While people were capturing total lunar eclipse from earth, an European Space Agency astronaut named Alexander Gerst photographed the eclipse from space station.
He was nearly 250 miles above from earth while taking images of the moon eclipse. He shared a few pictures of lunar eclipse including others image that he snapped prior to the eclipse.
Astronauts on the space station see the moon many times per day because they orbit Earth about once every 90 minutes. It helps that their viewing platform is far above any clouds.
Gerst trained on Earth to use all the photo gear at the space station before he launched into orbit.
On July 27, 2018 — when the moon was eclipsed by Earth's shadow — Gerst was ready. The core of the planet's shadow, called the umbra, colored the moon red because of the way Earth's atmosphere refracts the sun's light.
The moon was in totality (fully shadowed by the umbra) for nearly an hour and 43 minutes.
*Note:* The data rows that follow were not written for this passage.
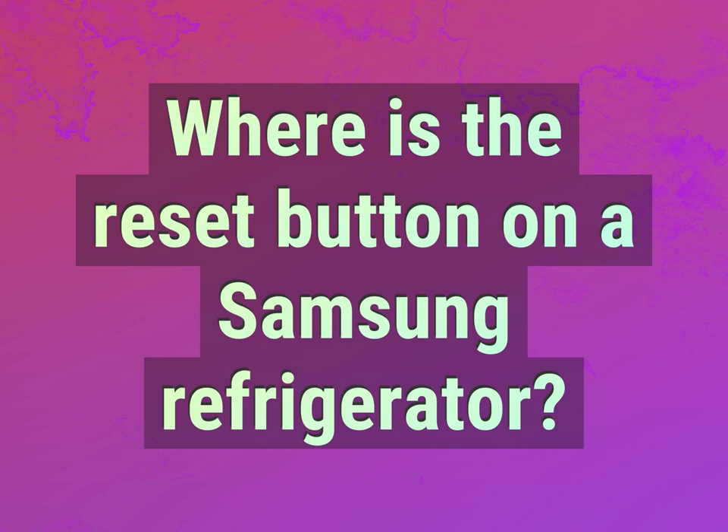Where is the reset button on a Samsung refrigerator? Accept the answers from us.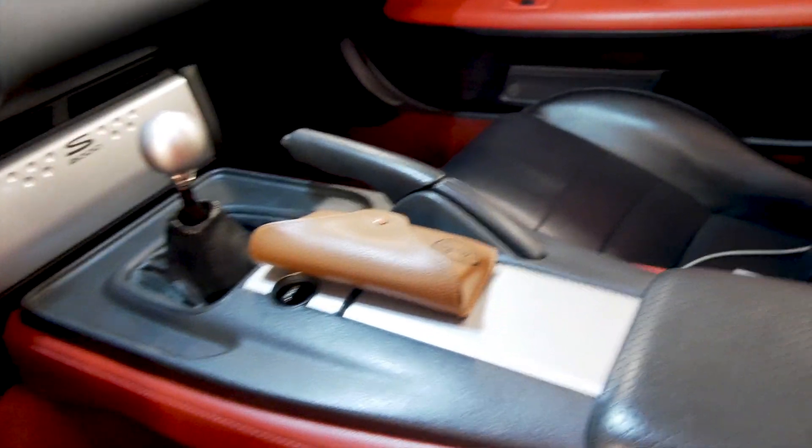I just installed the fuel pump. Before I do anything else, I want to make sure it primes correctly. Let's hear it.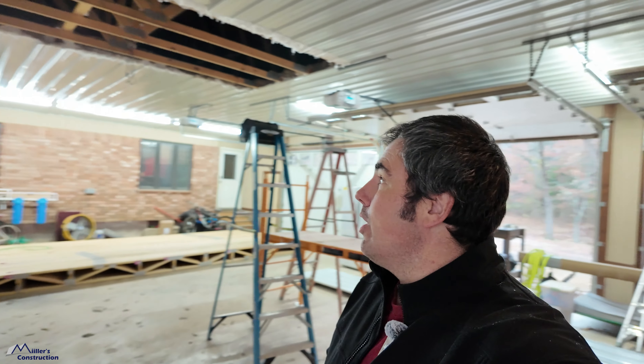Welcome back to Miller's Construction. Here we are on our latest project and this is a wild one. Let me show you around a little bit and show you what we're working with.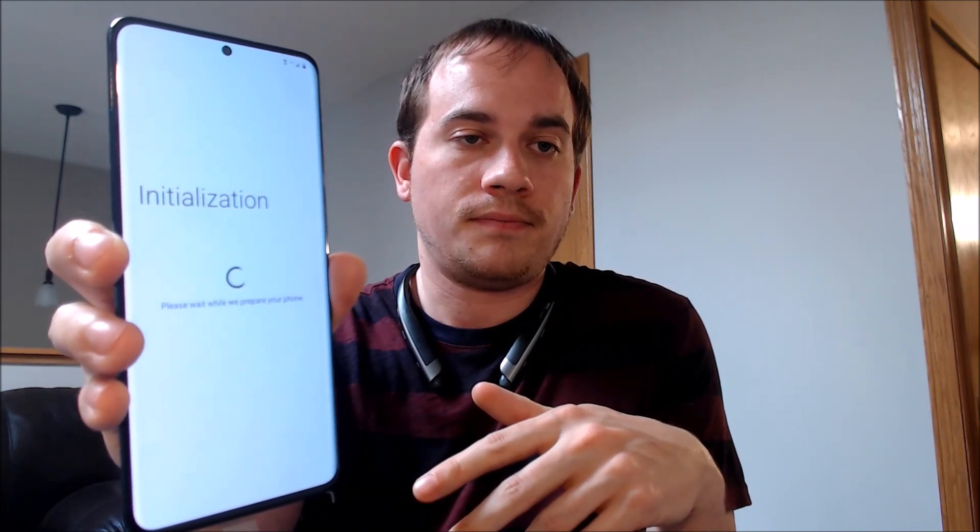This one just happens to be a Verizon model, as you can see here, but this will apply for all models of the S20 Plus. It's all fully set up and ready to go. I'm going to turn the voice off because we really don't need that. We'll agree to the terms and conditions and then keep going through.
Views during the partial eclipse, when the moon is in Earth's outer shadow, or penumbra, were equally haunting.
Gerst managed to snap a handful of pictures before the blood moon wrapped up. "Caught the moon leaving Earth's core shadow, just before setting over the South Atlantic," Gerst said of this photo. "Last photo of the lunar eclipse taken from ISS."
When he's not shooting a lunar eclipse, the German astronaut likes to photograph long shadows cast by cloud formations below him.